Scalable Vector Graphics (SVG) exists in a quantum state of accessibility. Which is to say that SVG is both accessible and inaccessible at the same time. Happily, there is no SVG uncertainty principle. We know which aspects of SVG are accessible to whom, which are not, and what we can do to improve both.
SVG 1.1 includes several features that lend themselves to accessibility, but SVG 2.0 will take accessibility to another level. Whilst SVG 1.1 has good cross-browser support, SVG 2.0 is still too early in its lifecycle for browsers to have implemented support. This article looks at ways to make SVG 1.1 content as accessible as possible, with glimpses into the possibility space of SVG 2.0 accessibility.
This may seem like a strange thing to say, not least in an article that’s about SVG to begin with. The fact is that one of SVG’s most compelling characteristics is also one of its most accessible. SVG content is scalable, and more to the point it scales without a reduction in visual quality.
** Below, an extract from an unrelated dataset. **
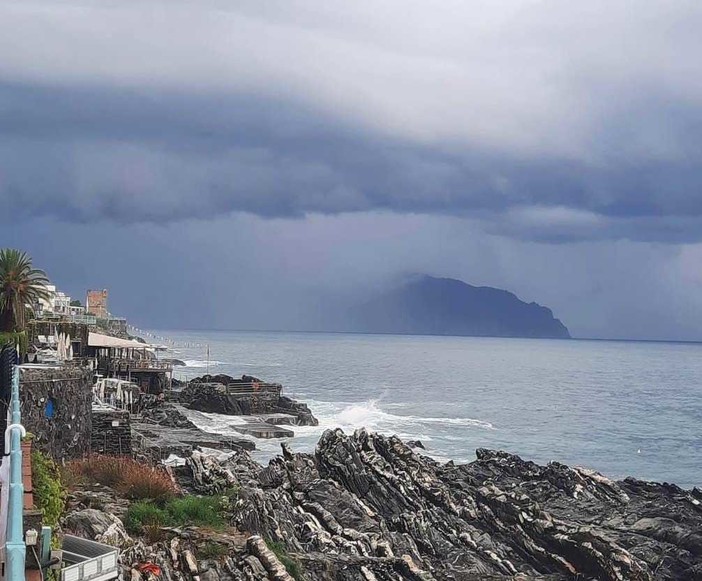 Meteo, instabilità e possibili forti temporali tra mercoledì e giovedì: Arpal emette il bollettino di vigilanza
This makes it extremely versatile from a development point of view, but it also means that people with less than 20/20 vision can enjoy crisp and clear images no matter what screen size and resolution they use.
Use inline SVG
The best way to make SVG accessible to Assistive Technologies (AT) like screen readers and speech recognition tools is to put it directly into your HTML. It’s much cleaner (in code terms) to do this with HTML5 than it was with HTML4.x, because the HTML parser automatically switches mode and puts the SVG elements and attributes into the correct namespace. In other words, if your HTML uses the HTML5 doctype, you don’t need to include a namespace declaration in the <svg> tag.